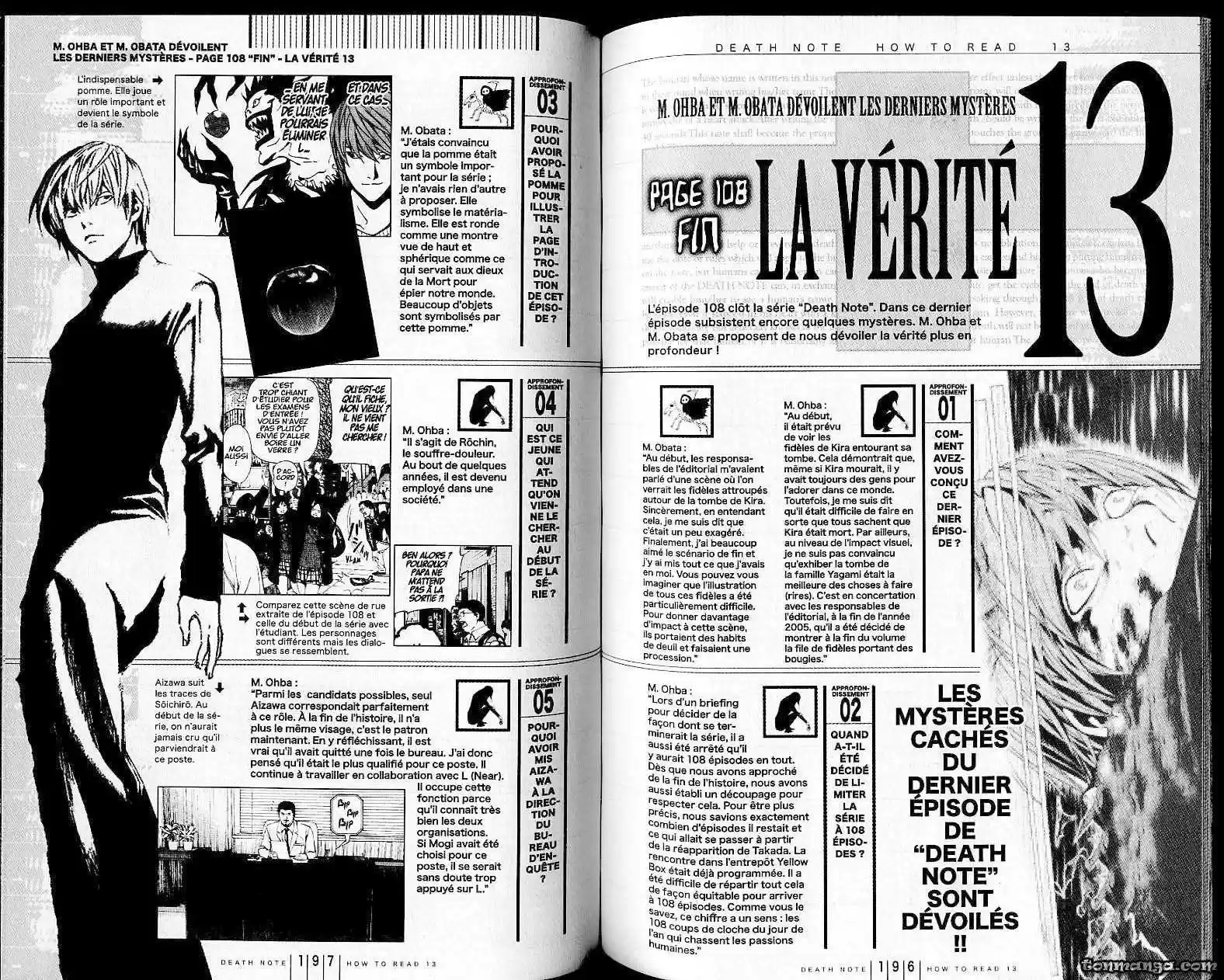 Read Death Note FR Manga Online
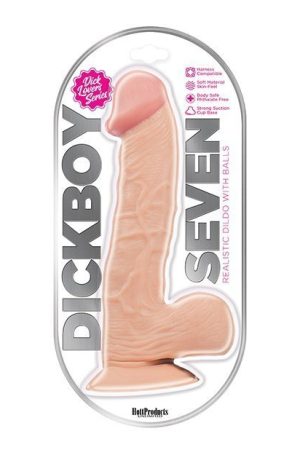 Dick Boy 7" PVC Dildo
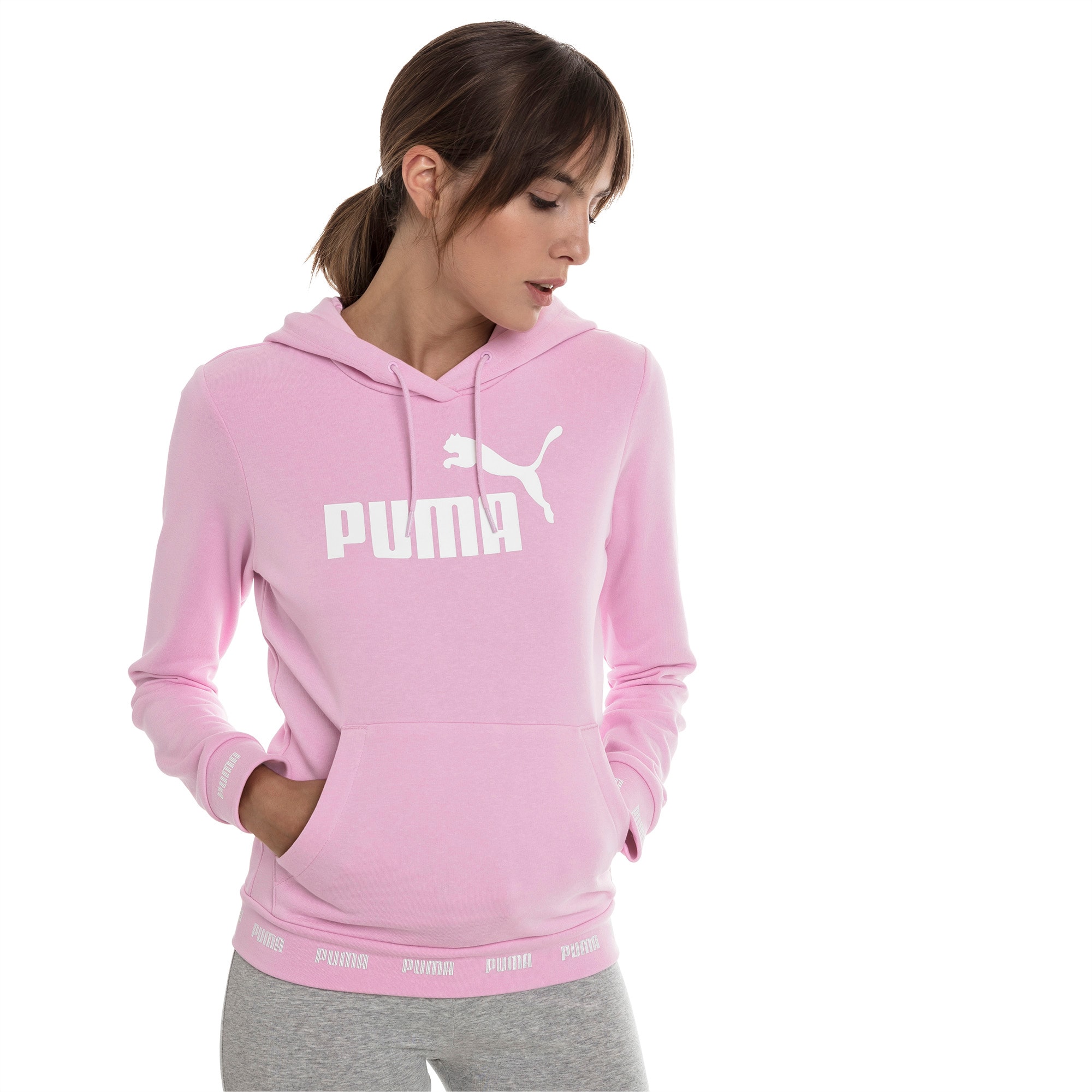 pink puma hoodie off 53% - www 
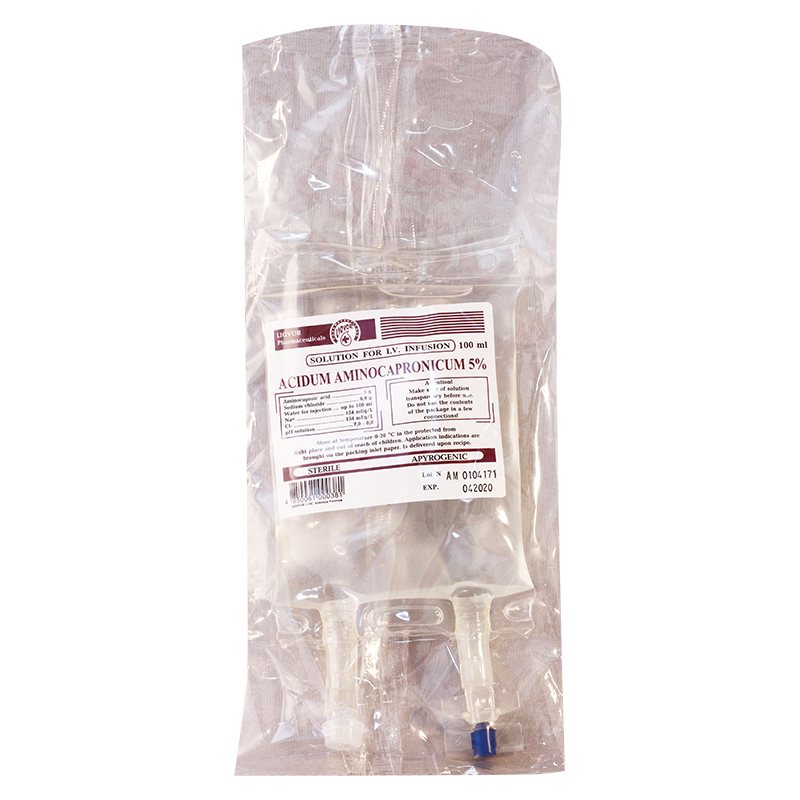 Aminocaproic acid 5100ml p/f 13209 National Surgery Center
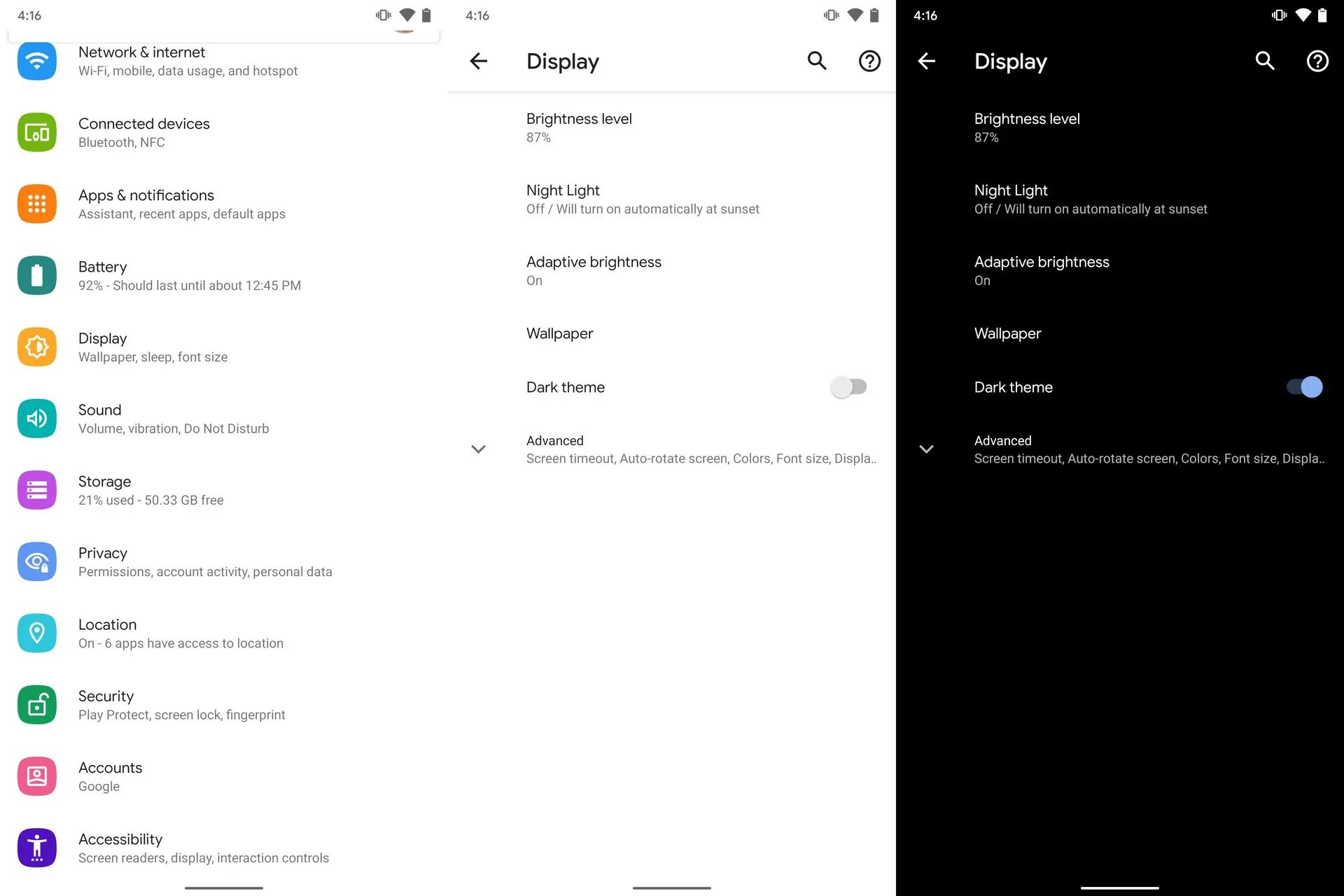 Android меню настройки. Меню андроид 10. меню настроек андроид 10. android 10 скриншоты. android 10 настройки.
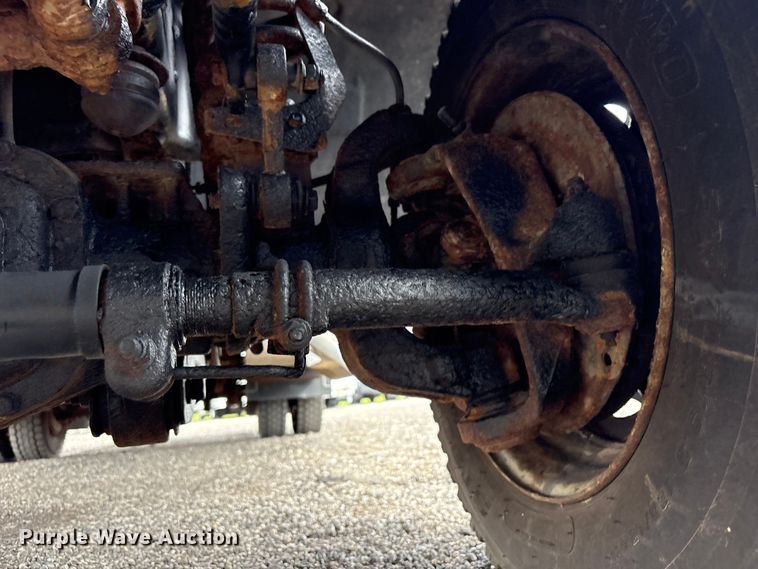 image for item EG9150 2008 Ford F550 crane truck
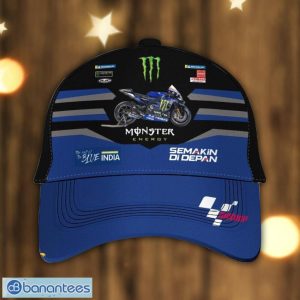 Monster Energy Yamaha MotoGP 2024 3D Cap Gift For Men Father's Day Gift Product Photo 1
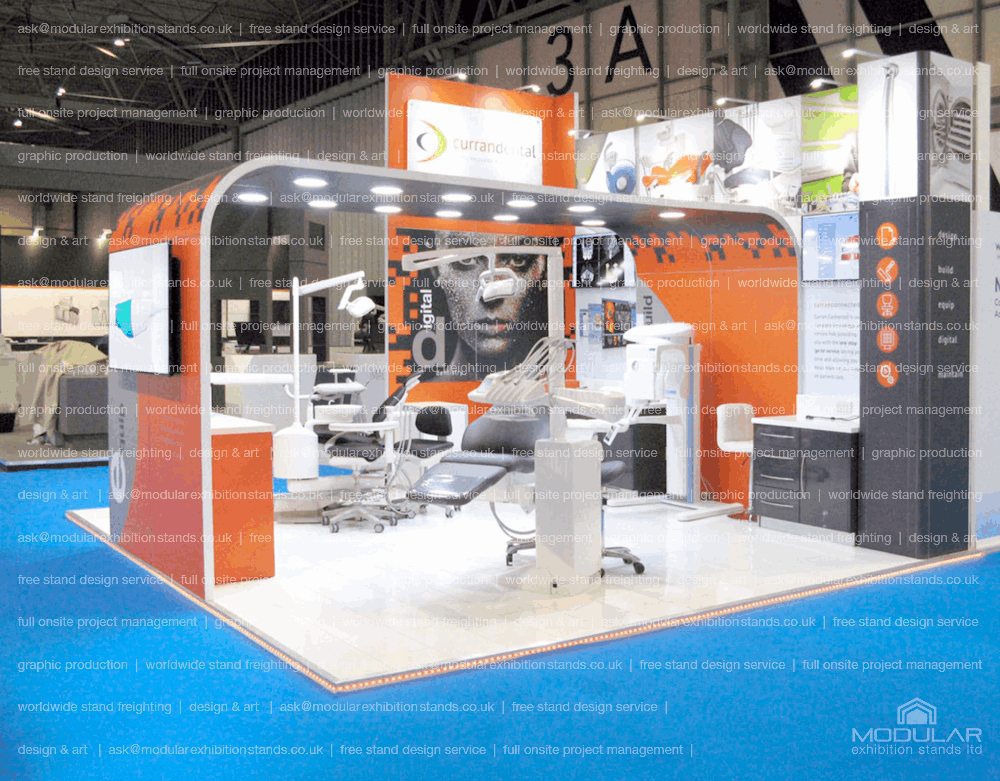 Aluvision exhibition stand design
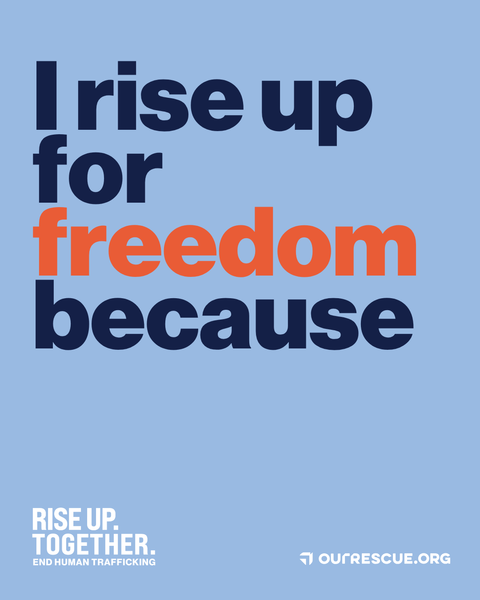 Rise Up for Freedom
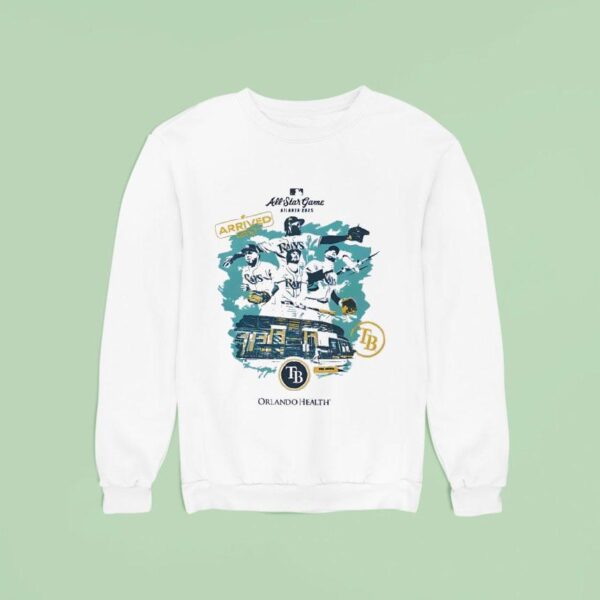 Tampa Bay Rays Mlb All Star Game Held In Atlanta Sweatshirt
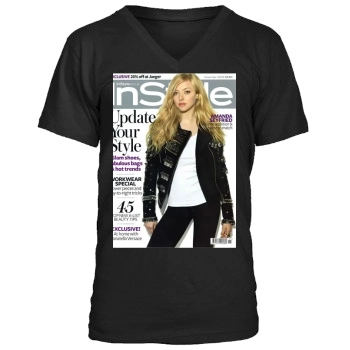 Amanda Seyfried Men's V-Neck T-Shirt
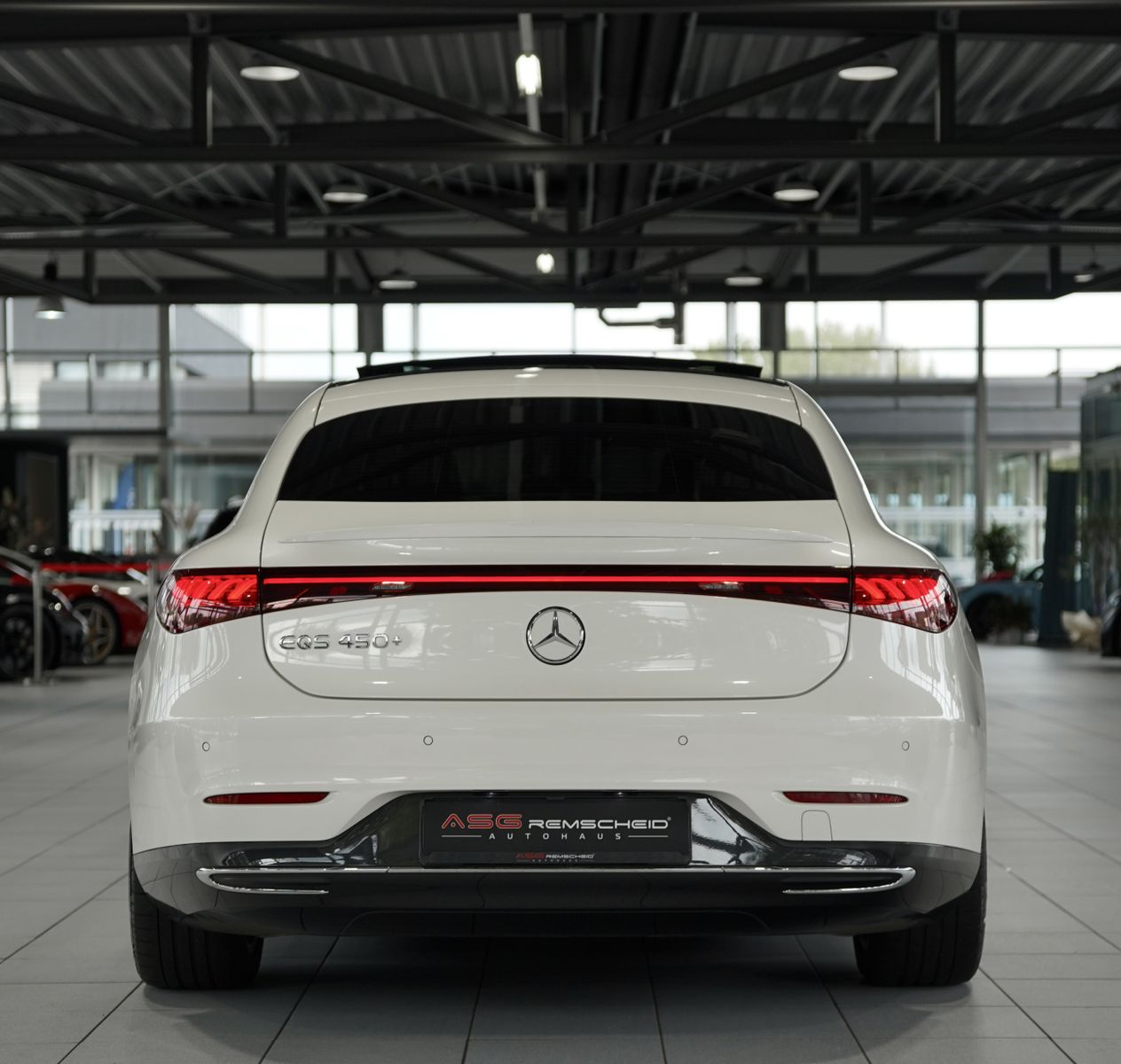 Mercedes Benz Eqs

PROBLEM:
Return every entry from the listing above exactly as it stands, leaving out any picture.

OUTPUT FOR THIS EXERCISE:
 Read Death Note FR Manga Online
 Dick Boy 7" PVC Dildo
 pink puma hoodie off 53% - www 
 Aminocaproic acid 5100ml p/f 13209 National Surgery Center
 Android меню настройки. Меню андроид 10. меню настроек андроид 10. android 10 скриншоты. android 10 настройки.
 image for item EG9150 2008 Ford F550 crane truck
 Monster Energy Yamaha MotoGP 2024 3D Cap Gift For Men Father's Day Gift Product Photo 1
 Aluvision exhibition stand design
 Rise Up for Freedom
 Tampa Bay Rays Mlb All Star Game Held In Atlanta Sweatshirt
 Amanda Seyfried Men's V-Neck T-Shirt
 Mercedes Benz Eqs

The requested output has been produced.